In September, the Korean International Cooperation Agency and Ministry of Foreign Affairs convened the 15 th Seoul ODA International Conference , which brought together academics, policymakers, and civil society organisations to discuss ways to “Expand Horizons for Global Development Partnership”—this year’s conference theme. The conversation reflected on the need for greater collaboration for development—particularly with “dual” cooperation actors that both receive and provide development cooperation—to address global challenges and achieve the Sustainable Development Goals. In this blog, we summarize key themes and takeaways from this year’s conference, particularly on questions around the challenges and opportunities for deepening cooperation for development. These themes are also explored in a new CGD paper on the need for a global development paradigm.

Why do we need partnerships for development?

This year’s conference occurred against a backdrop of a “ perfect long storm ” of intersecting crises that have put the achievement of the SDGs at risk . The dual health and economic impact of COVID-19 has not only led to an increase in extreme poverty and widening inequality , but also caused severe disruptions to global health and education. Ongoing pressures from the existential climate crisis is increasing the frequency and severity of climate-related events, which will have a disproportionate impact on poor and vulnerable communities . The 2022 invasion of Ukraine by Russia has created a refugee crisis and is contributing to global food and energy insecurity, accelerating humanitarian needs .
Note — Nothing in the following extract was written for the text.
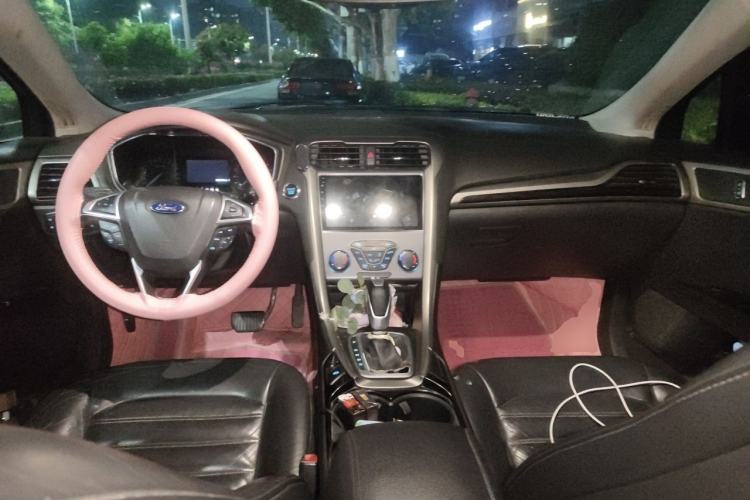 Used Ford Mondeo 2013 2.0L GTDi 200 Fashion Edition Center Console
In response to this confluence of global development challenges, which greatly exceed the capacities or resources of any country working alone, global cooperation for development—if not more ambitious collaboration —is urgently needed to meet growing needs and get the SDGs back on track. Notably, the imperative for global cooperation for development is itself formalized as part of the SDG agenda, with SDG 17 highlighting the importance of cooperation and partnership to making progress towards our shared development vision. Partnership has also emerged as an important theme for development agencies, with a recent survey of development leaders showing that being equipped to actively engage in partnerships for development was a key priority for leaders seeking to ensure that their agencies remained fit for purpose in the years ahead. Yet despite the urgency and acknowledgement of the need for cooperation, there are some doubts about whether, and to what degree, such cooperation is materializing.

The cooperation “paradox”: Mixed global responses to COVID-19

Questions about the realities of cooperation were addressed by some speakers, who noted that the growing need for cooperation had been met with a paradoxical weakening of the willingness of countries to act collectively as a result of tense geopolitical contexts and concern over the functioning and “thinning” of multilateralism. These findings are echoed in a new paper , which analyzes the scope of global cooperation that materialized in response to COVID-19 and finds that even during the acute and shared experience of the COVID pandemic, evidence of global cooperation was mixed at best. On one hand, the analysis showed that international responses to COVID-19 were global in nature, with a range of countries from across income levels contributing financial and knowledge-based resources to development response to the pandemic. On the other hand, collaboration between different types of actors, namely members of the Organisation for Economic Co-operation and Development’s (OECD) Development Assistance Committee (DAC) and Southern development cooperation providers has been thin, especially beyond examples of “South” to “North” cooperation that occurred during the early pandemic phases. Taken together, the discrepancy between the need for cooperation and the relatively siloed (and often bilateral) actions that were taken raises important questions about the challenges facing deeper cooperation for development, and how these challenges can be overcome.  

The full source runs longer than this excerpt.